EDTF (Extended Date Time Format) - UVicLibrary/Vault GitHub Wiki
EDTF or Extended Date/Time Format is a standardized way of expressing dates/times as a text string. From the Library of Congress website:
The Extended Date/Time Format (EDTF) was created by the Library of Congress with the participation and support of the bibliographic community as well as communities with related interests. It defines features to be supported in a date/time string, features considered useful for a wide variety of applications.
At time of writing, Hyku (out of the box) does not support EDTF. We have integrated EDTF into Vault using the edtf ruby gem, created by Sylvester Keil.
For example, Vault saves dates in EDTF notation (e.g. ["1913/1921"]
) but displays them in humanized form to users (see image below). This conversion is handled by the edtf gem.
Human-readable label on a work's display page
We've also added the ability to sort works by title and date created in the following pages:
- public collection pages - example
- search results (sort results in ascending/descending order by title/date) - example
- search results within a collection - example
Dates are saved in Solr according to the ISO 8601 specification (see "Working with Dates") and can specify year, month, date, and time (UTC) for sorting and faceting purposes. Solr requires you to specify month, day, and time in its notation even if there's no month or day precision specified by the person entering the metadata.
General Principle: we sort according to the earliest possible specified date. For example, 1981
would save into Solr as 1981-01-01T00:00:00Z
, or midnight on Jan. 1, 1981.
For single dates, as opposed to date ranges or intervals, we simply copy the first value in date_created_tesim
to the year_sort_dtsi
and year_sort_dtsim
fields.
If the date is an interval, we want to sort on the earliest date in the interval by ascending/descending order. This earliest date is saved into year_sort_dtsi
. However, when we filter search results (using facets), we want to save every year in the interval into an array (see example in table below).
Note: Single quotes mean that these values are strings.
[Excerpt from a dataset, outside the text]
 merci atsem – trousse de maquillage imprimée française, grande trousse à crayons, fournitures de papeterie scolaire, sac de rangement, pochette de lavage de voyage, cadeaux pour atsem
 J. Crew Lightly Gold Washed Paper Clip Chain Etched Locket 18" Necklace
date_created_tesim is entered by a user. Based on that, Vault generates year_sort_dtsi and year_sort_dtsim when it (re)indexes a work.
Description | date_created_tesim | year_sort_dtsi | year_sort_dtsim |
---|---|---|---|
1. Two days within the same year | [ '1981-04-01/1981-05-02' ] | '1981-04-01T00:00:00Z' | [ '1981-04-01T00:00:00Z' ] |
2. Interval that straddles 2 years; no month or day precision |
[ '1981/1982' ] | '1981-01-01T00:00:00Z' | [ '1981-01-01T00:00:00Z', '1982-01-01T00:00:00Z' ] |
3. Interval that straddles 2 years with day precision | [ '1995-12-01/1996-03-30' ] | '1995-12-01T00:00:00Z' | [ '1995-12-01T00:00:00Z', '1996-03-30T00:00:00Z' ] |
4. Interval that straddles multiple years with day precision | [ '1901-02-04/1910-12-09' ] | '1901-01-01T00:00:00Z' | [ '1901-01-01T00:00:00Z', '1902-01-01T00:00:00Z', '1903-01-01T00:00:00Z'... '1910-12-09T00:00:00Z' ] |
Sorted in ascending order (oldest to newest): 4, 2, 1, 5
Sorted in descending order (newest to oldest): 5, 1, 2, 4
X's are replaced with 0 — so 19XX sorts as midnight on Jan. 1, 1900 and 195X sorts as midnight on Jan. 1, 1950.
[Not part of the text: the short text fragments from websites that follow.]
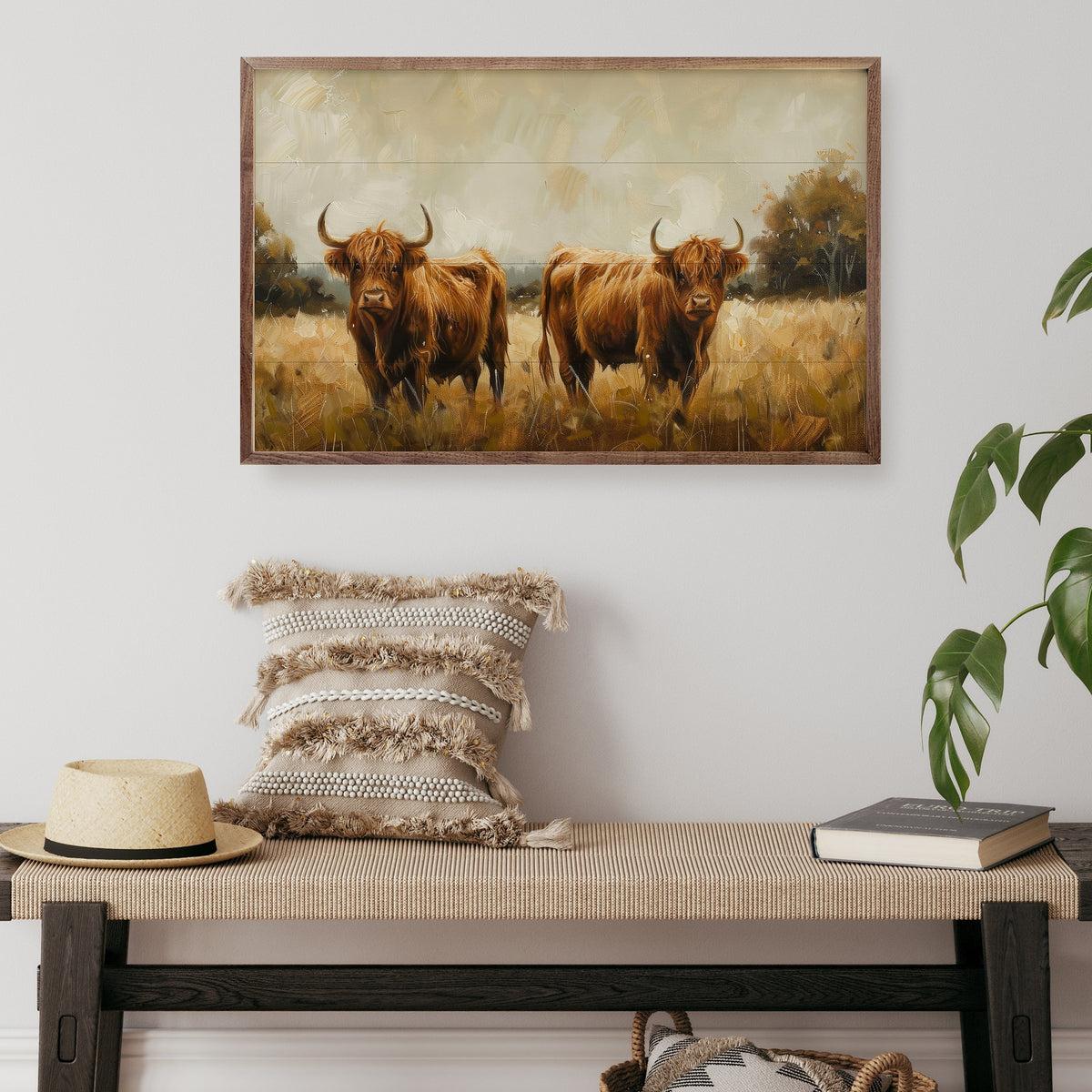 Couple Of Cows Wood Framed Print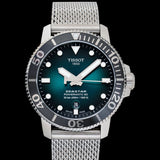 Tissot Seastar 1000 Powermatic 80 Automatic Green Dial Silver Mesh Strap Watch for Men - T120.407.11.091.00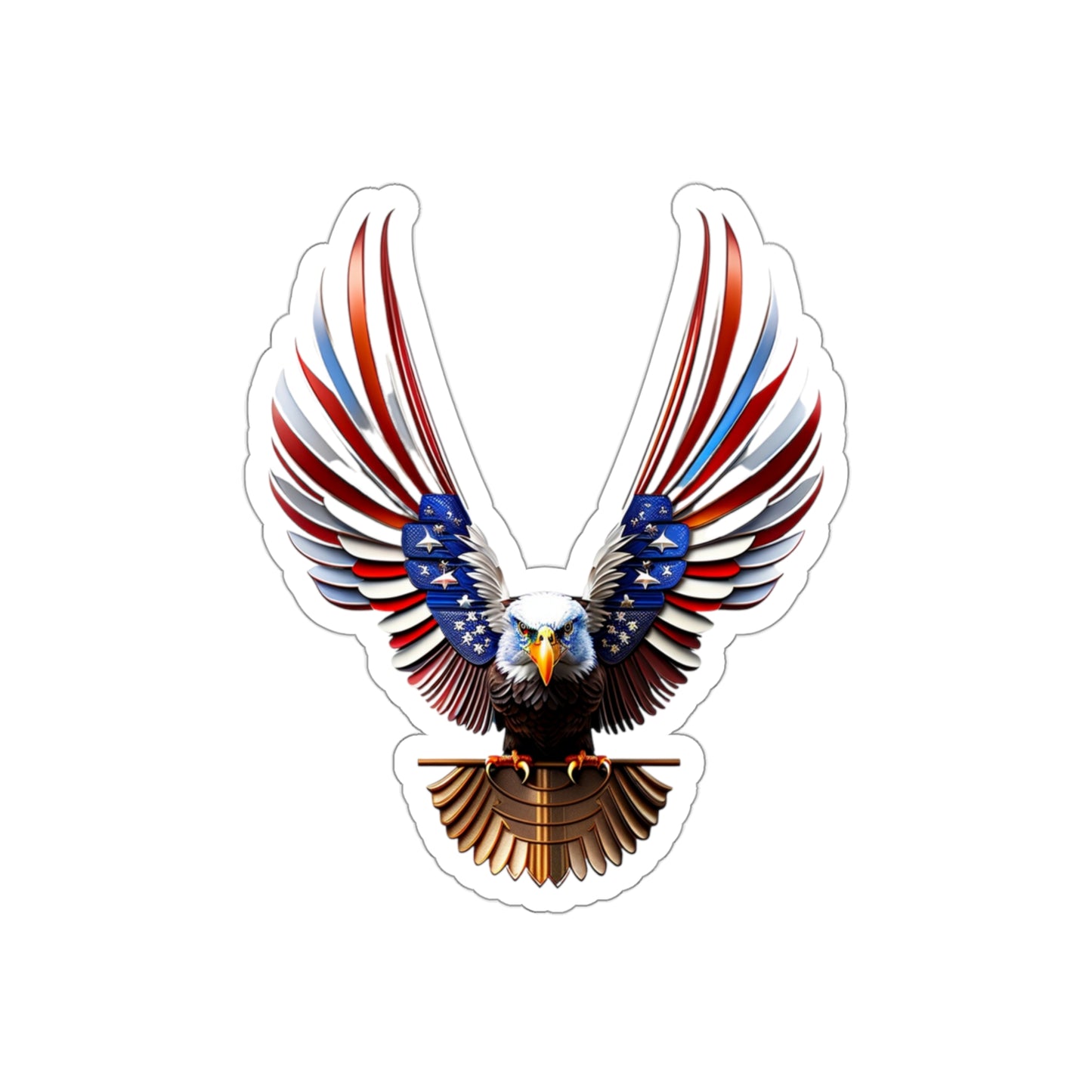 America Bald Eagle Die-Cut Multi Purpose Sticker - Indoor And Outdoor Use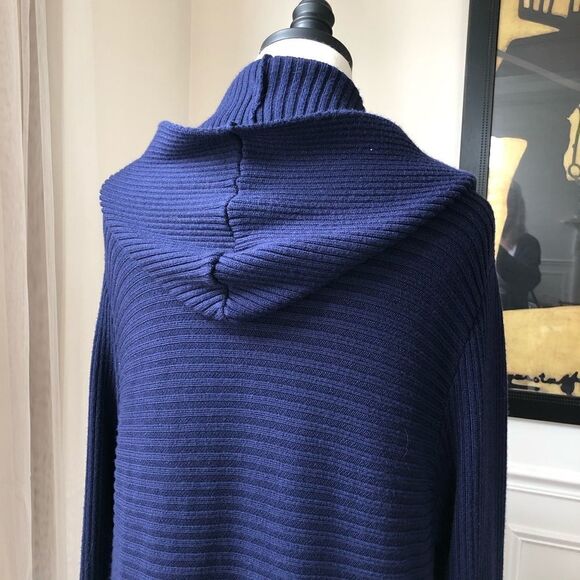 Honey Punch Long Blue Hooded Cardigan S M - Picture 6 of 7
All other notation (#, ~ , ?, % ) is ignored — so 1950% sorts as midnight on Jan. 1, 1950.
Hyku saves almost every metadata field as a multiple, i.e. an array with one or more string values (see below). However, Solr can't sort on a multiple field like tesim
. To get around this, we've modified Vault to create two new indexing fields called title_sort_ssi
, year_sort_dtsi
, and year_sort_dtsim
.
Note that these extra data fields will show up only in the Solr interface and not in the rails console.
-
controllers/catalog_controller
- Blacklight configuration for sort fields -
indexers/work_indexer
- where Vault actually creates and indexes those fields
Solr sort alphabetically on title_sort_ssi
, which is a duplicate of the first value in title_tesim
. title_sort_ssi
is a dynamic field with a single string value.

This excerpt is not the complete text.